**Given information:**
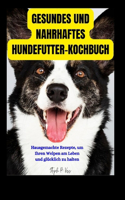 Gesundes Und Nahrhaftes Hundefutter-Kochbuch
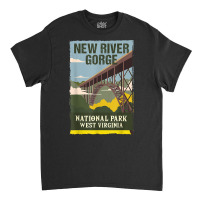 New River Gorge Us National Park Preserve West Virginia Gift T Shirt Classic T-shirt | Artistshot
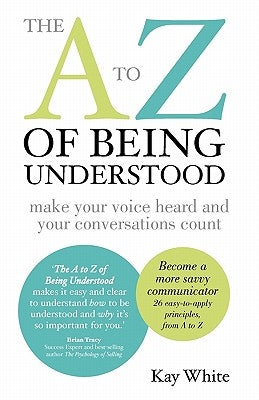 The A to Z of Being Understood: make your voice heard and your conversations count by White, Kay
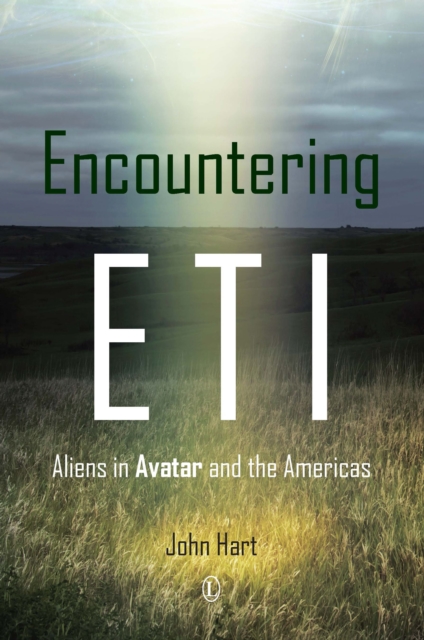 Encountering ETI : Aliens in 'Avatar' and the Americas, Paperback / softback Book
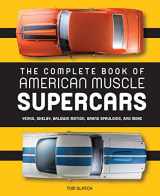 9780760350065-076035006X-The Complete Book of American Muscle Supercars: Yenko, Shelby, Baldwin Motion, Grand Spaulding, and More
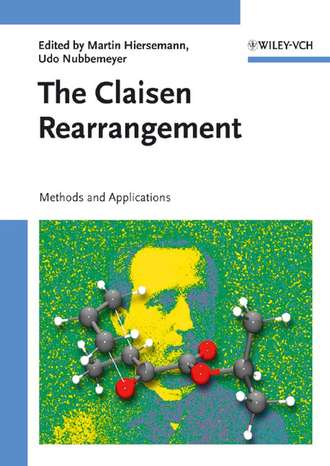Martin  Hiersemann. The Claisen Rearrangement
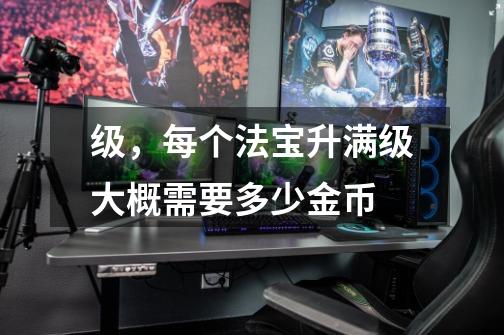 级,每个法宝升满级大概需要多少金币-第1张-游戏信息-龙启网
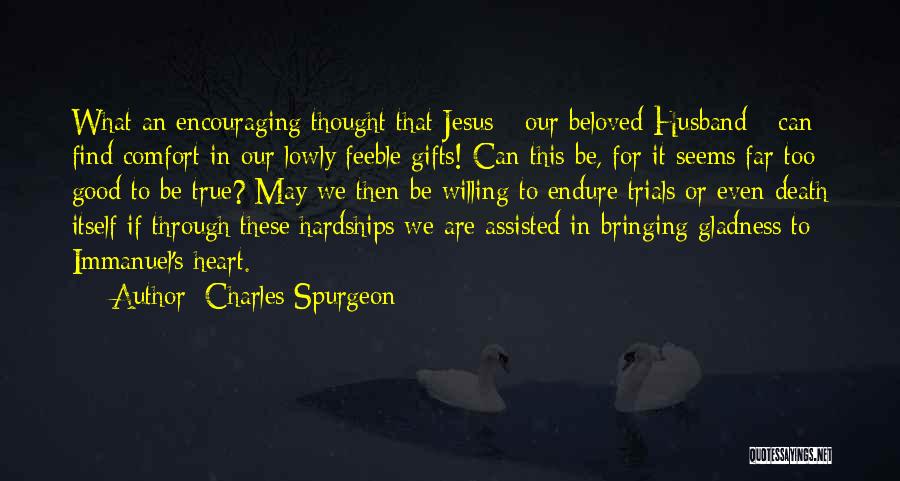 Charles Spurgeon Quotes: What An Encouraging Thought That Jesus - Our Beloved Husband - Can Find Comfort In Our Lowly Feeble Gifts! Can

**Task directions:** This task calls for restating, word for word, each line from the line holding "Encountering ETI : Aliens" through the end of the material, pictures left out.

**Task solution:**
 Encountering ETI : Aliens in 'Avatar' and the Americas, Paperback / softback Book
 9780760350065-076035006X-The Complete Book of American Muscle Supercars: Yenko, Shelby, Baldwin Motion, Grand Spaulding, and More
Martin  Hiersemann. The Claisen Rearrangement
 级,每个法宝升满级大概需要多少金币-第1张-游戏信息-龙启网
 Charles Spurgeon Quotes: What An Encouraging Thought That Jesus - Our Beloved Husband - Can Find Comfort In Our Lowly Feeble Gifts! Can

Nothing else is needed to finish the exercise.